Die schwarze Kunst

Schmähungen und Lügen haben sich in den russischen Medien derart etabliert, dass man „schwarze PR“ sogar an der Universität lernen kann

aus Moskau MATTHIAS BRAUN

Der Plot wirkte überzeugend. Dem russischen Kommunistenführer, Gennadi Sjuganow, sei ein Museum gewidmet worden, berichtete das russische Staatsfernsehen. Dazu zeigte der kremlnahe Sender ORT die passenden Bilder aus einem Dorf nahe Orjol: ein russisches Landhaus.

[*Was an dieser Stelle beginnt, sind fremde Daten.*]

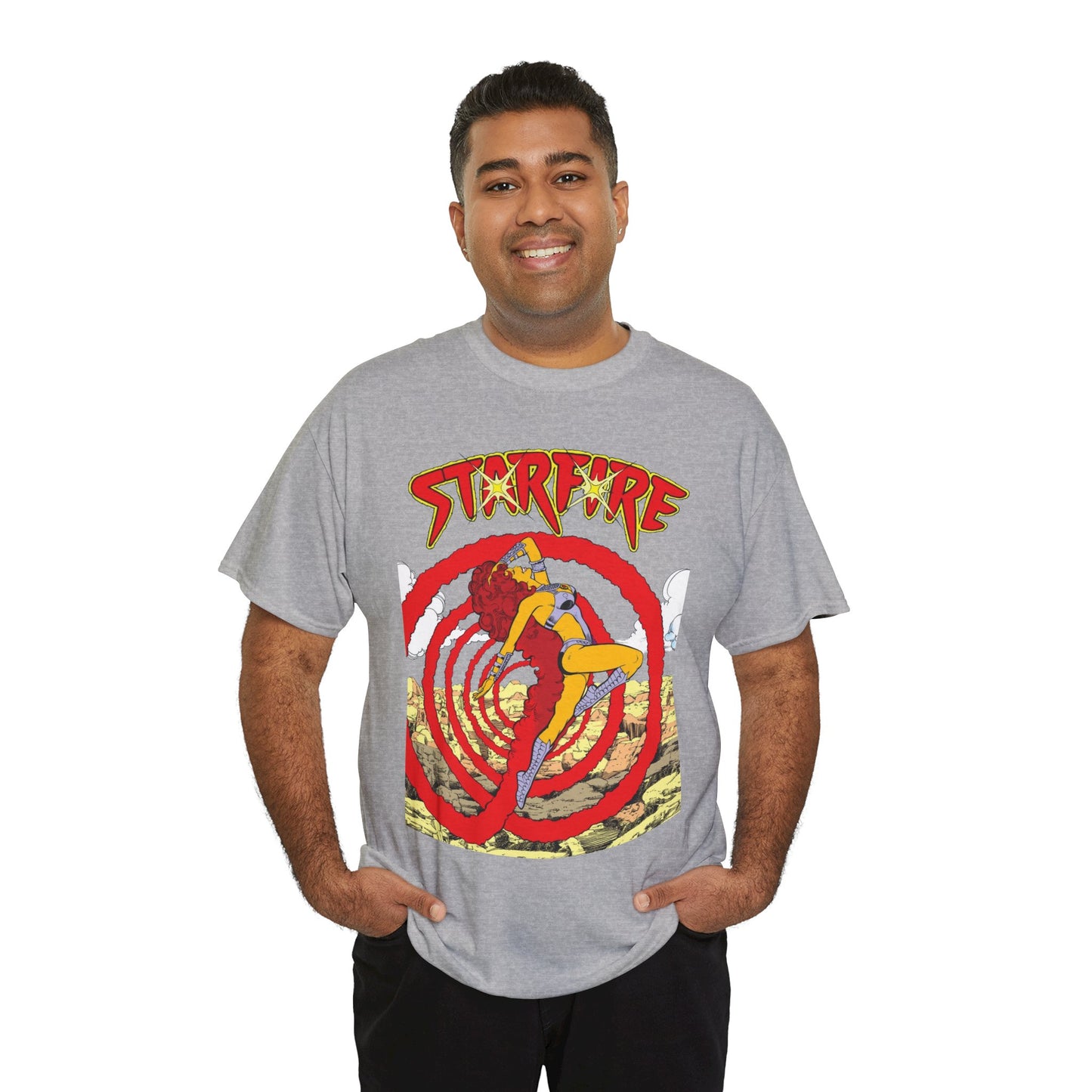 Starfire T-Shirt - George Perez Art - New Teen Titans Member - DC Comics - Koriand'r, Princess from Tamaran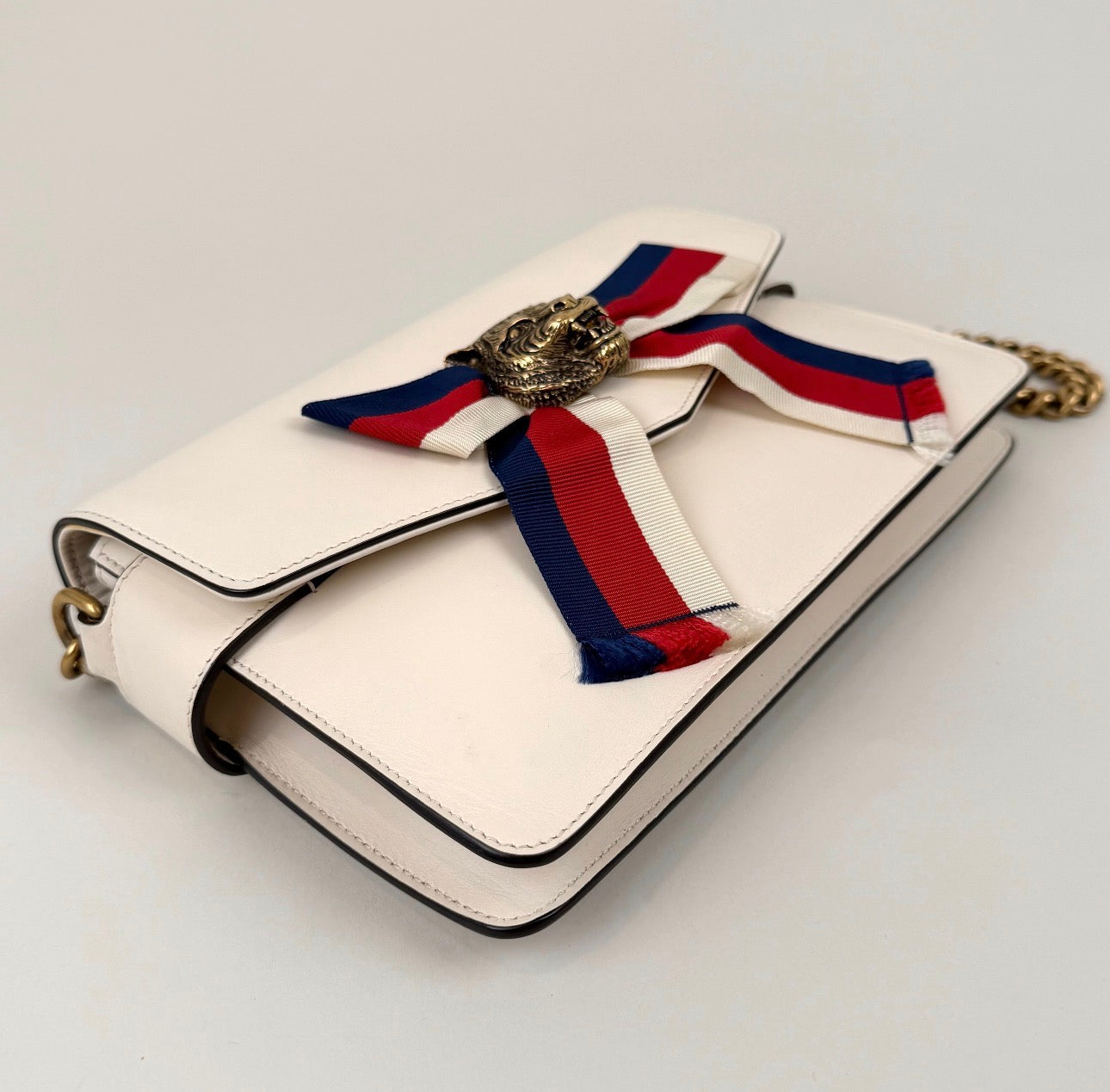 Gucci Nappa Leather Tiger Shoulder Bag - additional view 5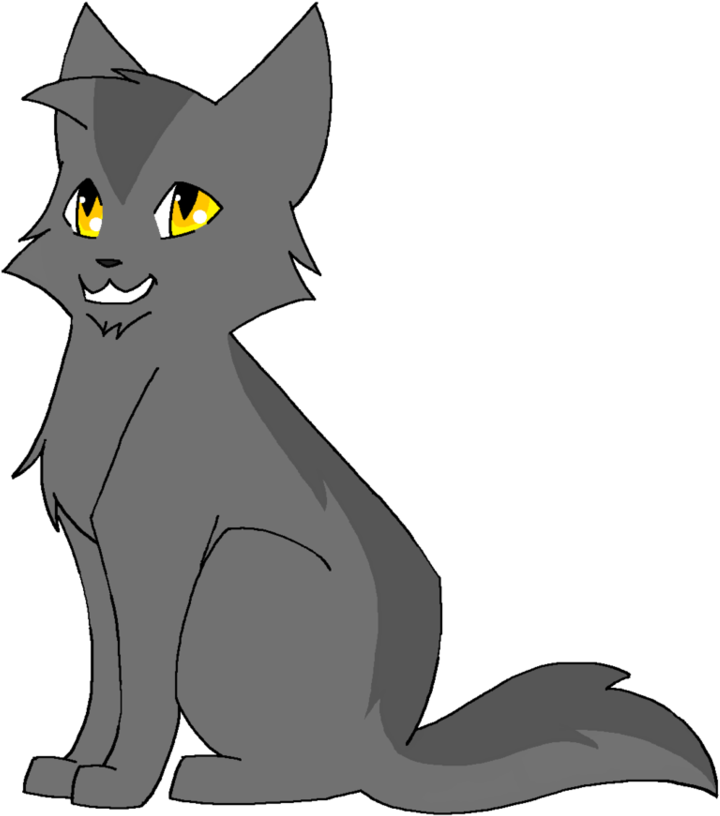 Graystripe Of Thunderclan By Nightyblaze - Cat Yawns (844x946)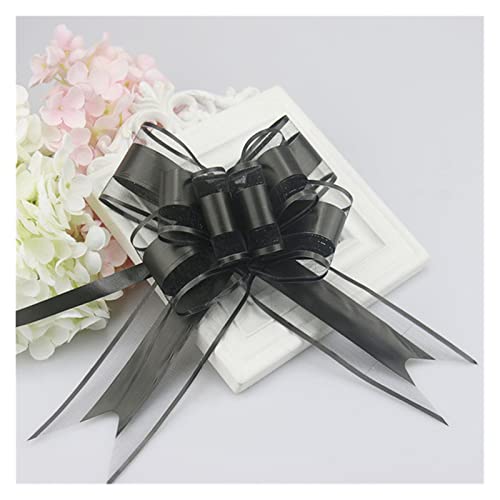 Zugschleife, Geschenkpapier-Schleifen, 20 Stück, Dekor, Geschenk, handgezeichnete Blumen, Dekoration, Hochzeit, Auto, Geschenkverpackung, Zugschleifenbänder, Kunststoff, Party, DIY, festlich (blau)(Fl von ZMQU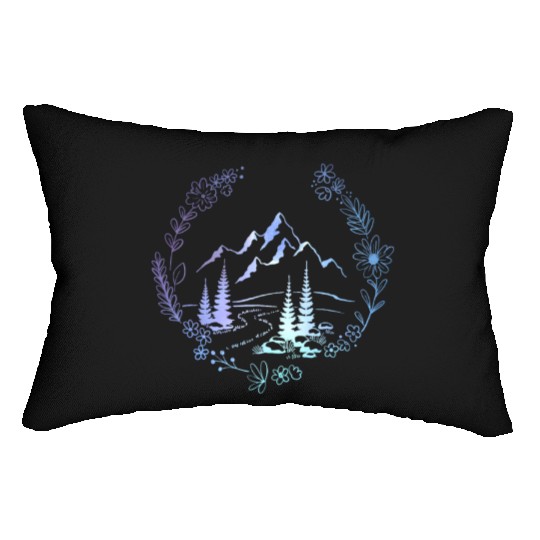Flower Mountain Landscape Wilderness Mountaineer Lumbar Pillows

Drinnen eine Sjuganowbüste. Drum herum weiterer Schnickschnack aus dem Privatbesitz des Parteichefs. Ein Wallfahrtsort für Ewiggestrige.

Und eine Fälschung. Sjuganow tobte. Denn wer die Dumawahlen am morgigen Sonntag gewinnen will, darf sich nicht feiern lassen, sondern muss jene Demut zeigen, die Präsident Wladimir Putin beständig vorführt. Und so verfolgte der staatlich lancierte Report aus Orjol allein den Zweck, den Kommunisten Wählerstimmen abzujagen.

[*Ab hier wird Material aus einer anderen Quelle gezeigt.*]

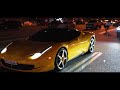 Ferrari exhaust sound - 812 Superfast 458 Spider [4K]
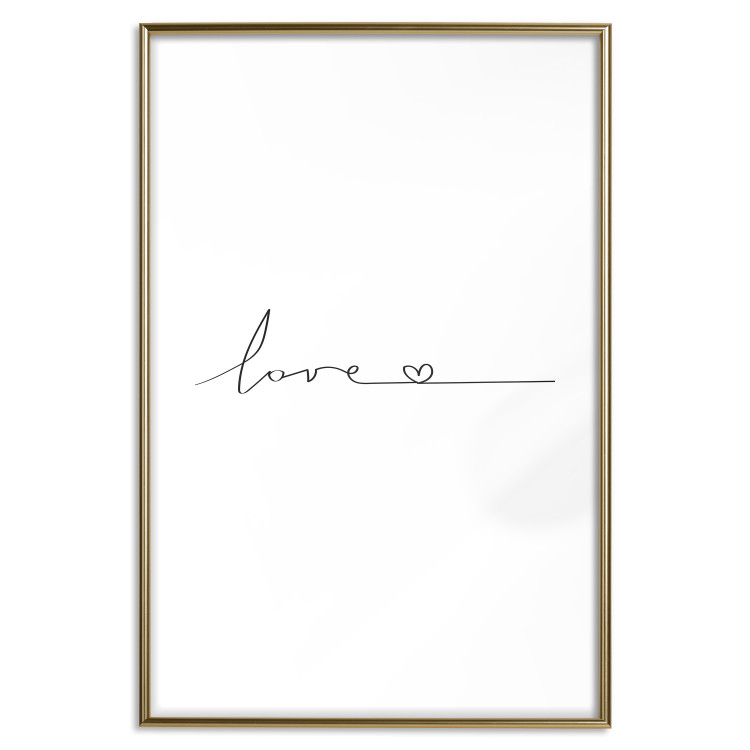 Wall Poster Love Everywhere - black and white English text about love 122856 additionalImage 14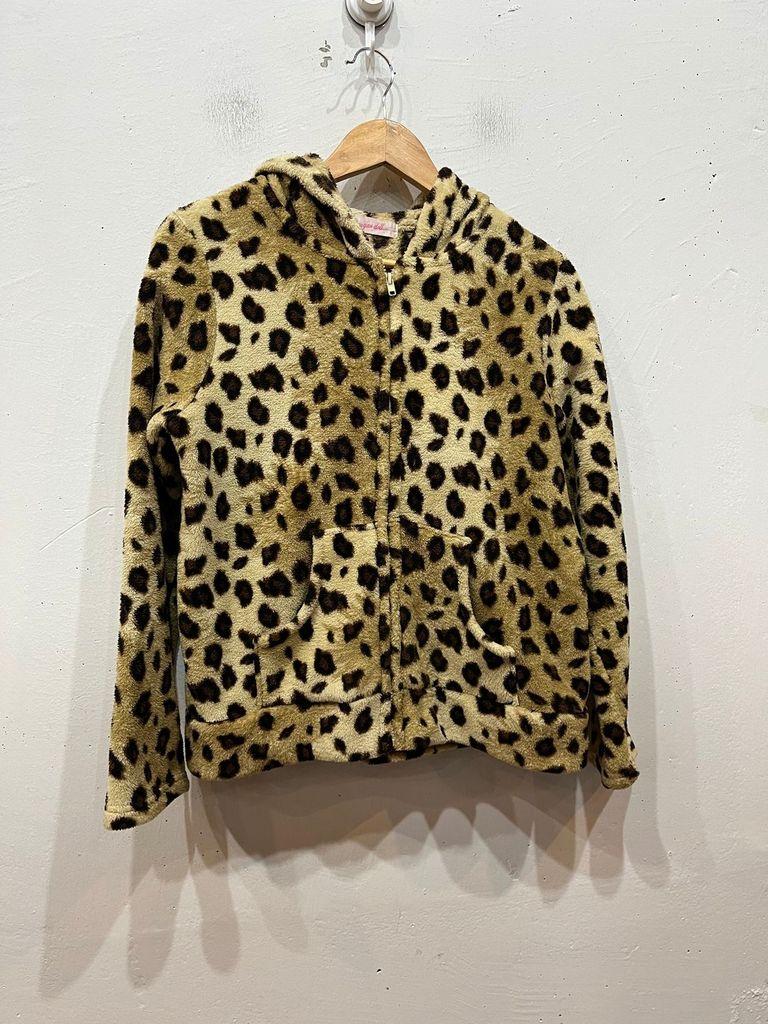 일본빈티지 Sugar doll 레오파드 플리스 후드집업 우먼즈 3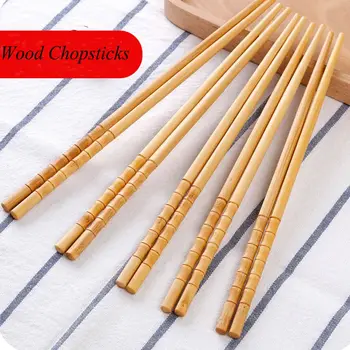 Натуральный Японский бамбук Ручной Работы Китайская Кухня Суши Кухонные Принадлежности Палочки Для Еды Посуда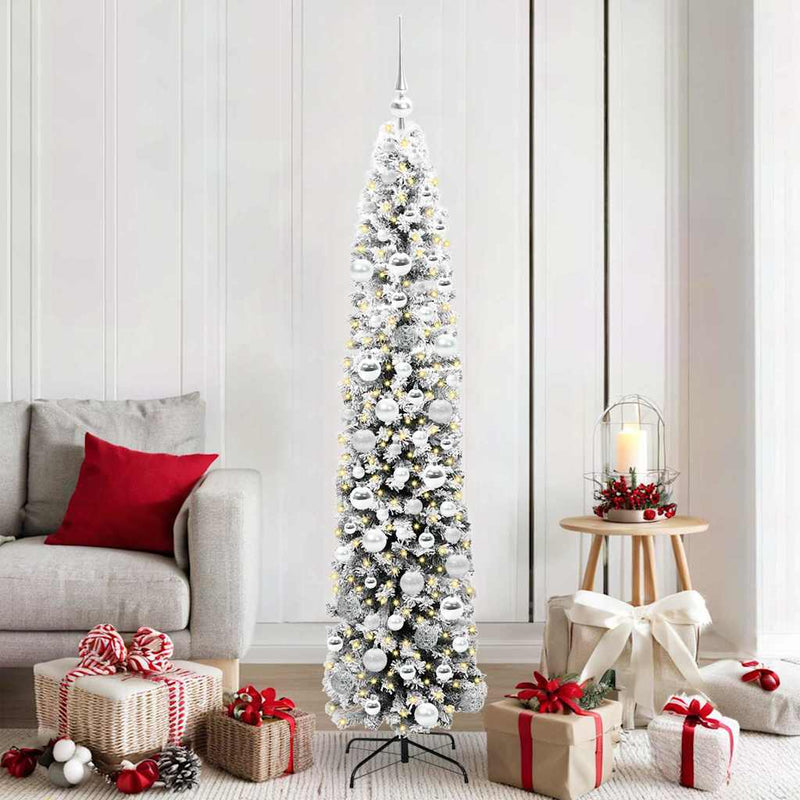 Vidaxx albero di Natale artificiale verde 180 cm in PVC e acciaio e plastica
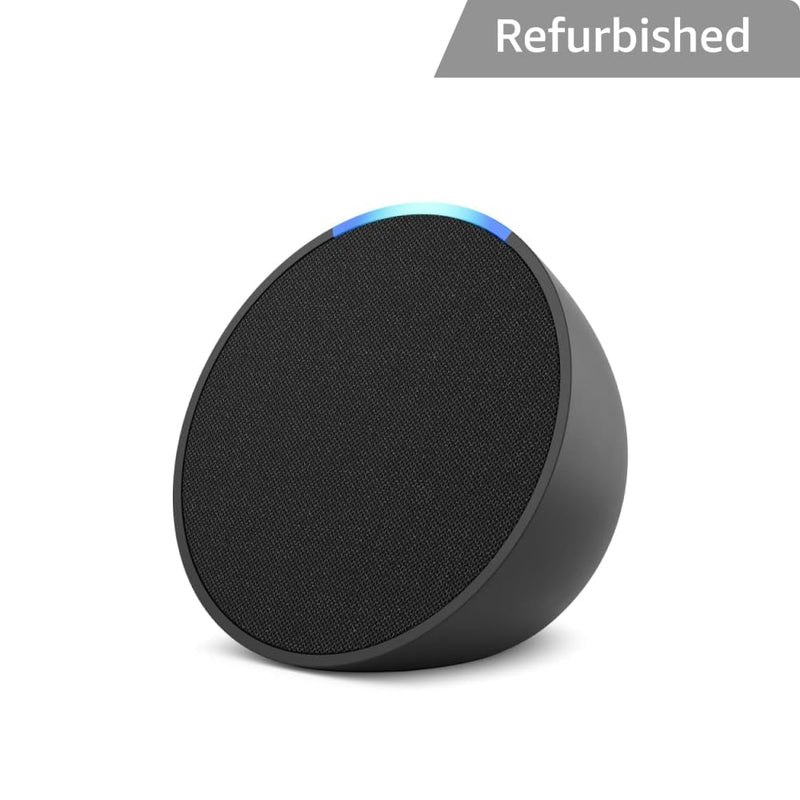 Amazon Echo Pop| Smart speaker with Alexa and Bluetooth| Loud sound, balanced bass, crisp vocals| Black (Like New Condition - Brand Warranty) - Budli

Gezielte Lügen gehören im postsowjetischen Russland zur politischen Folklore. Die mediale Böswilligkeit hat sich so weit etabliert, dass angehenden PR-Strategen und Journalisten die halblegalen Kniffe der so genannten schwarzen PR an den Moskauer Universitäten erlernen können.

„Unter schwarzer PR verstehen wir Wahlkampfmethoden, die das Image des politischen Gegners beschädigen“, sagt der Moskauer PR-Berater Fedor Schulitow. Seine „Agentur für professionelles Management und Consulting“ betreut den Wahlkampf mehrerer Duma-Kandidaten. Ob er sich selbst schwarzer PR-Methoden bediene, will Schulitow nicht sagen.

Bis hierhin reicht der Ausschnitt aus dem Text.